The irony is almost too perfect. In an interview by TechRadar, Granath said: “People don’t want to research standards or ecosystems. They don’t care about protocols. They want things to connect and just work.”
And yet here we are. Researching standards. Caring about protocols. Wondering if our existing smart home hub has Thread Border Router capabilities.
What Actually Needs a Hub (and What Doesn’t)
It’s not all bad news, though.
Plenty of the new lineup works without a hub. KAJPLATS smart bulbs, GRILLPLATS smart plugs, and the new smart buttons and remotes all onboard directly to Apple Home, Google Home, Alexa, or SmartThings through Matter. No IKEA app, no DIRIGERA, no extra hardware.

The sensors are a different story. The MYGGSPRAY motion sensor, MYGGBETT door/window sensor, KLIPPBOK water leak detector, TIMMERFLOTTE temperature/humidity sensor, and ALPSTUGA air quality sensor all require a Thread Border Router to function. That means IKEA’s own DIRIGERA hub or a compatible alternative like an Apple HomePod Mini, Apple TV 4K, or certain Google Nest devices.
A $10 motion sensor is an impulse buy. Tack on a $109 hub and suddenly it’s a decision. IKEA is betting that once you’ve invested in the DIRIGERA hub, you’ll keep adding those cheap sensors, and honestly, they’re probably right. But that first purchase stings more when you thought you were spending $10, not $119.
The Bigger Picture: Why This Still Matters
Yes, the hub confusion is frustrating. But zoom out and IKEA is still doing something no other mass-market retailer has attempted.

This isn’t a cautious toe-dip into Matter. IKEA has committed to Thread and Matter across its entire smart home range, retired Zigbee from new products, and updated the DIRIGERA hub to support Matter 1.4 and Thread 1.4. Backward compatibility with older Zigbee remotes still works through Touchlink. And the pricing across the board makes smart home competitors look embarrassing.

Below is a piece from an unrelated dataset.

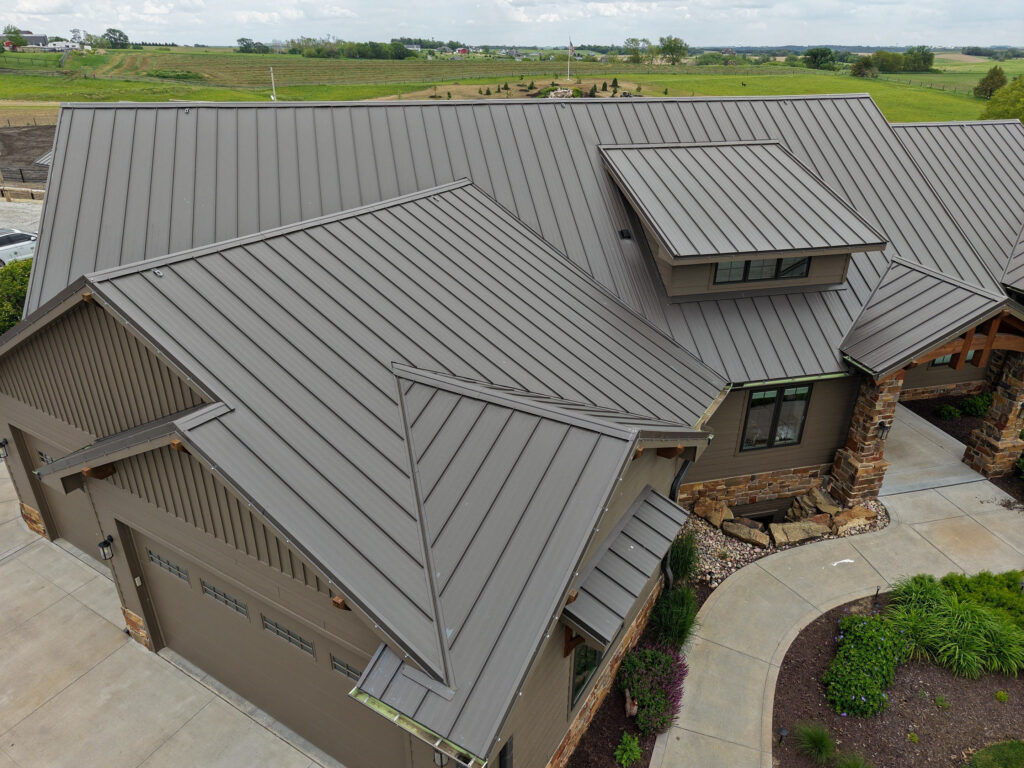 a residential home with a new standing seam metal roof by Moose Roofing. A roofing contractor in Omaha, Nebraska. The home sits on a open field landscape.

For context: an Aqara door sensor runs about $16. A SmartThings motion sensor is around $25. Eve’s Thread-based motion sensor? $40. IKEA is trying to sell you the same functionality for $8 to $10.
If you already own a HomePod Mini, an Apple TV 4K (2022 or later), a Google Nest Hub (2nd gen), or a Nest Wi-Fi Pro, you already have a Thread Border Router. In that case, IKEA’s sensors really are as affordable as they claim, you just need to know what you already own.
Should You Buy In?
Already own a DIRIGERA hub? This is a no-brainer. Load up on the cheap sensors and turn your home into a security fortress for under $50.

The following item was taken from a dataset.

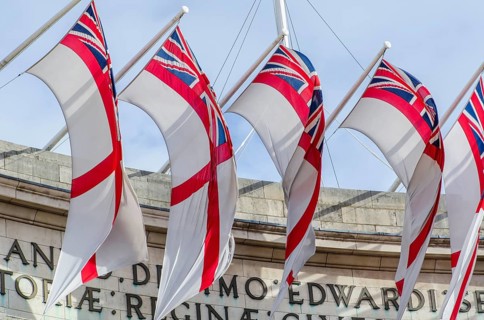 The Admiralty Arch decorated with the flags of the Royal Navy's White Ensign, London England, Great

Starting from scratch and only want smart lighting and plugs? Buy individual IKEA Matter bulbs and plugs. They’ll work directly with whatever ecosystem you use. No hub needed.

The sensors are where it gets tricky. Without any Thread Border Router, you’ll need to budget $109 for the DIRIGERA hub, unless a device you already own supports Thread. That’s a real investment, but IKEA is clearly building out a large enough ecosystem to justify it.
Existing TRÅDFRI users with the old gateway aren’t abandoned yet. Touchlink compatibility means your old remotes still work with new devices. But the writing is on the wall. Zigbee is out, Matter is in, and the TRÅDFRI gateway’s days are numbered.
The Bottom Line
IKEA’s smart home push is genuinely exciting. Sub-$10 Matter sensors from a brand you can actually walk into a store and buy? That’s how you bring smart home tech to the mainstream.
The marketing promise says “things that just work.” The reality still requires you to Google what a Thread Border Router is. Matter was supposed to fix smart home fragmentation, and in some ways it has. But we’ve traded one kind of confusion for another: instead of asking “which app do I need?” you’re now asking “which hub do I need?”
Price: Varies
Where to Buy: IKEA
The affordable future of smart home is here. It just comes with fine print. And possibly a $109 hub.